時折、ふっと浮かぶそんな思いから生け花は柔らかく私を遠ざけてくれた。花器の中の世界は私の思い描く通り自由自在なのだ。
極楽鳥花をあえて小さくまとめてしまったのは私だけだったけれど、先生からは、個性的で赤城さんらしくて素敵ですねと言われた。
いつものように、舘林さんに誘われて、私はカルチャースクールの一階にある喫茶店でアイスティーを飲みながらおしゃべりをしていた。

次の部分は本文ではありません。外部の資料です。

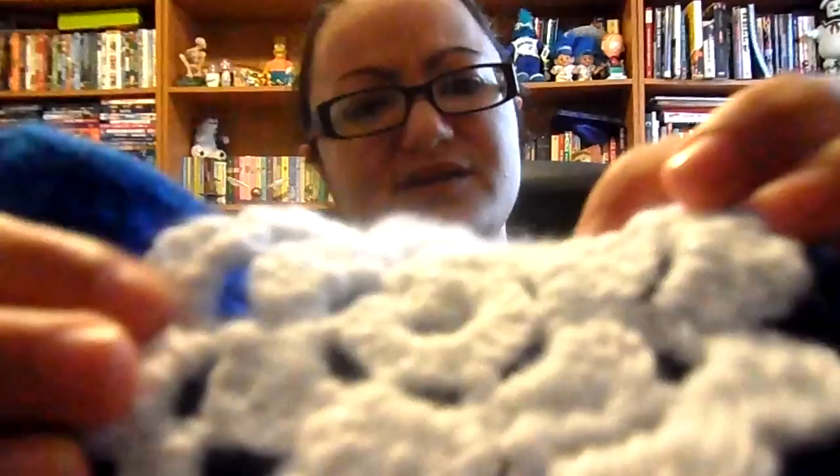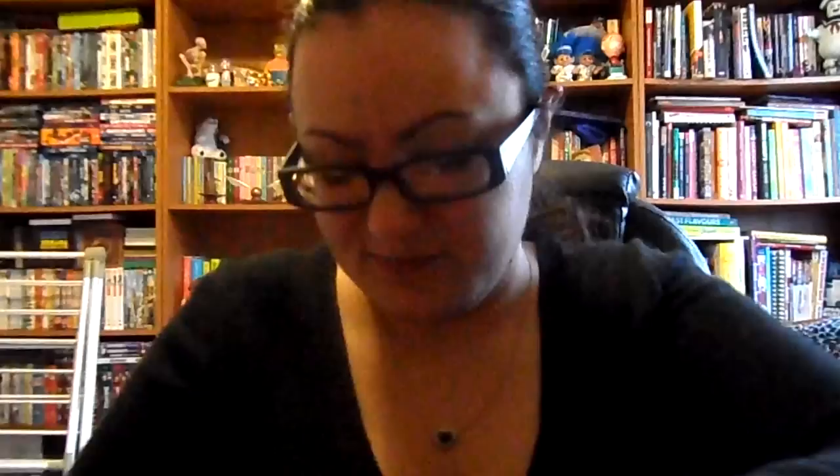I used Red Heart Shimmer yarn — I don't know if you can see the shimmer and sparkle in it, but it's all nice and sparkly. Rather than sewing the flowers on, I just attached them with safety pins, so the girls can remove them and have a plain purse, or they can trade flowers, or I can make them different colored ones in the future and they can easily switch them.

私の家は夫と新婚当時に建てた新興住宅地の区画の一つにある。それほど年齢や収入や事情に格差がない家族が軒を連ねている。舘林さんも私の家のはす向かいに住んでいて、あとから引っ越してきた私に色々と教えてくれたのを今も懐かしく思い出せる。娘が生まれる前に建てた家。まだ若かった私。あれから三十年以上も経ってしまった。夫が事故で亡くなってからは十年がたつ。
他愛のないおしゃべりのなか舘林さんは急にこんなことを言い始めた。
「ねえ、赤城さん、ここのカルチャースクールのパソコン教室ってどうなのかしら?」
このカルチャースクールには当然、生け花だけではなく、様々な講座が開設されていて、パソコン教室もその一つだった。